§ **PROBLEM TO SOLVE**
This exercise calls for the records to be returned exactly, with images removed.

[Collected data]
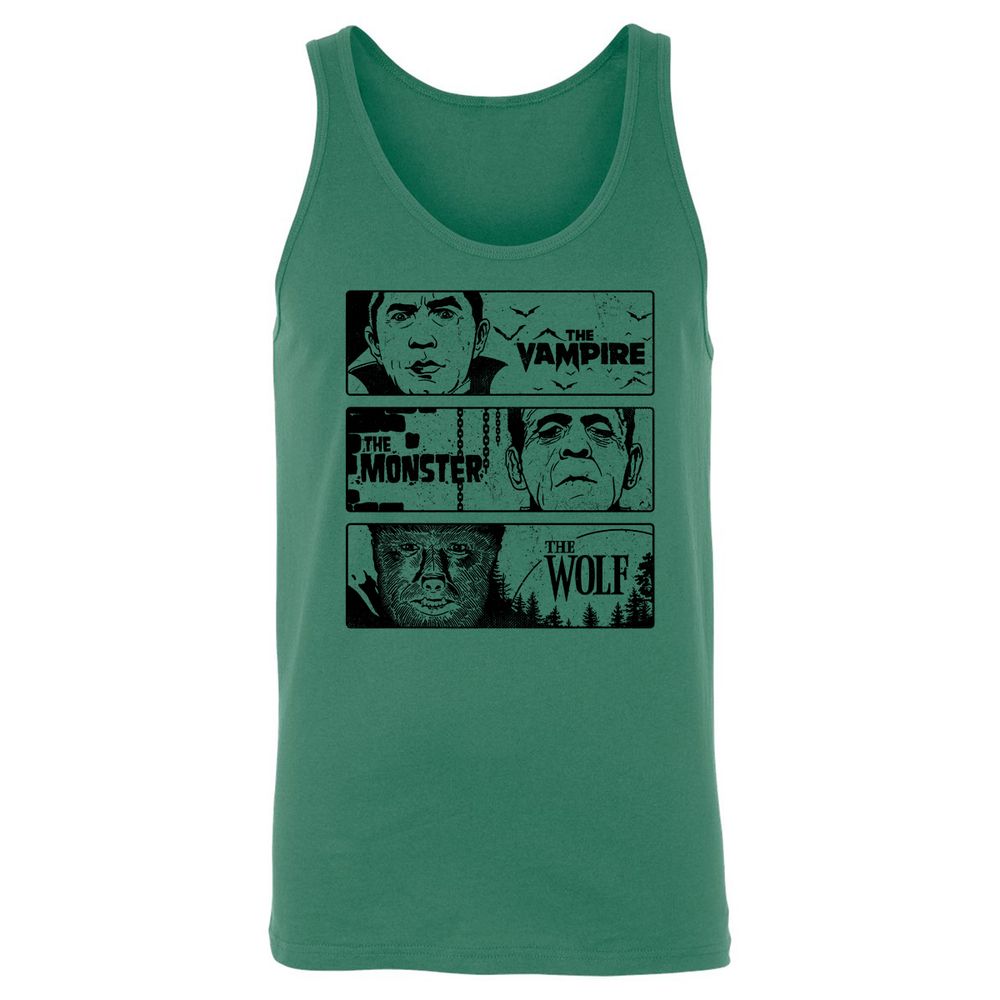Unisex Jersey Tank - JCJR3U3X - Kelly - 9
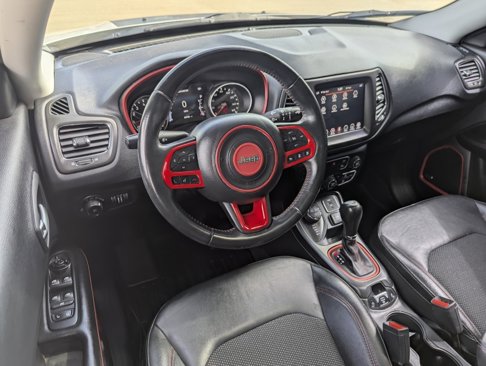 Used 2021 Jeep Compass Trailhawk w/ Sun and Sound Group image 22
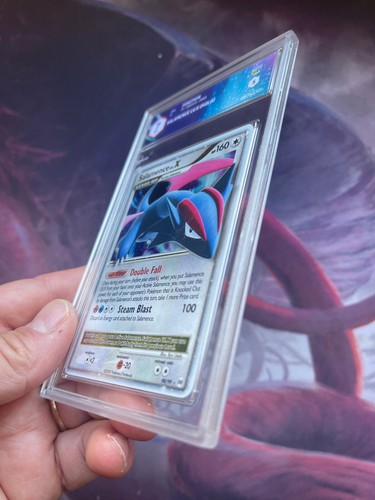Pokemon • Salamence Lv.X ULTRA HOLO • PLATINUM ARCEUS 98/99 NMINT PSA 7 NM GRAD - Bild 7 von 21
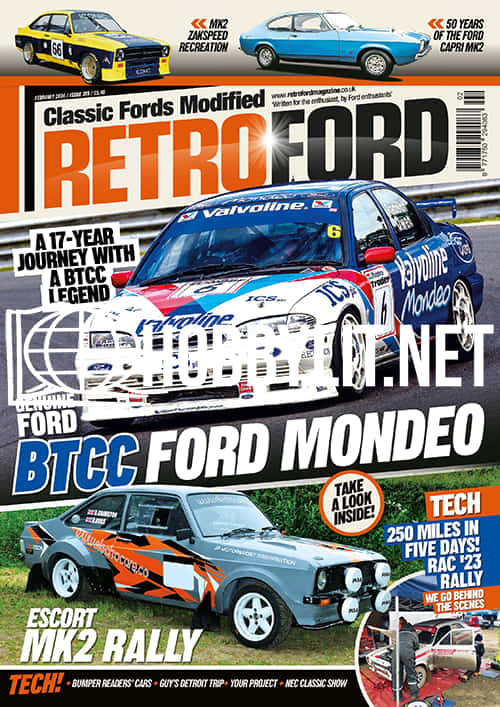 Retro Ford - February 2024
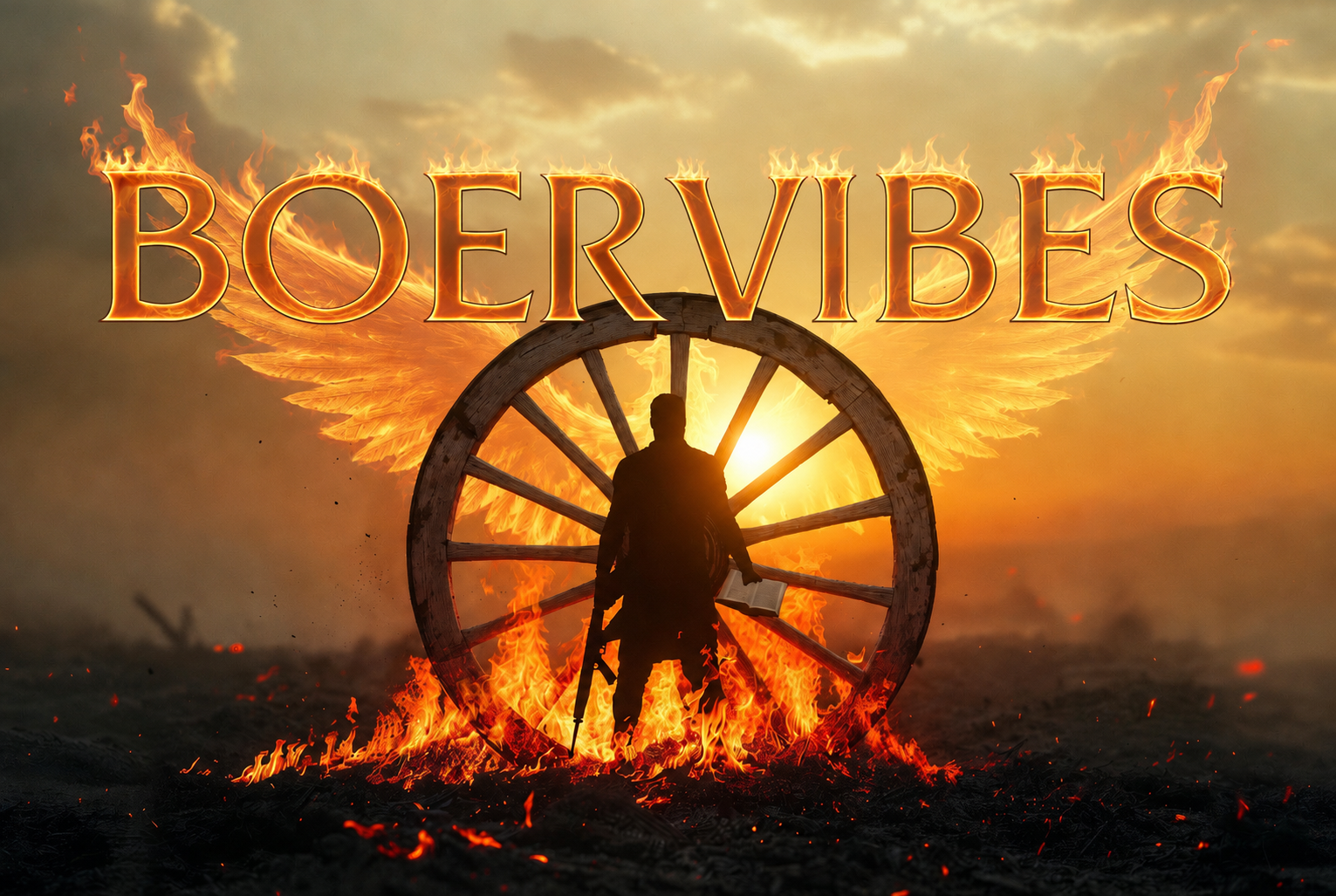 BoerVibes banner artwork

§ **RESULT**
Unisex Jersey Tank - JCJR3U3X - Kelly - 9
 Used 2021 Jeep Compass Trailhawk w/ Sun and Sound Group image 22
Pokemon • Salamence Lv.X ULTRA HOLO • PLATINUM ARCEUS 98/99 NMINT PSA 7 NM GRAD - Bild 7 von 21
 Retro Ford - February 2024
 BoerVibes banner artwork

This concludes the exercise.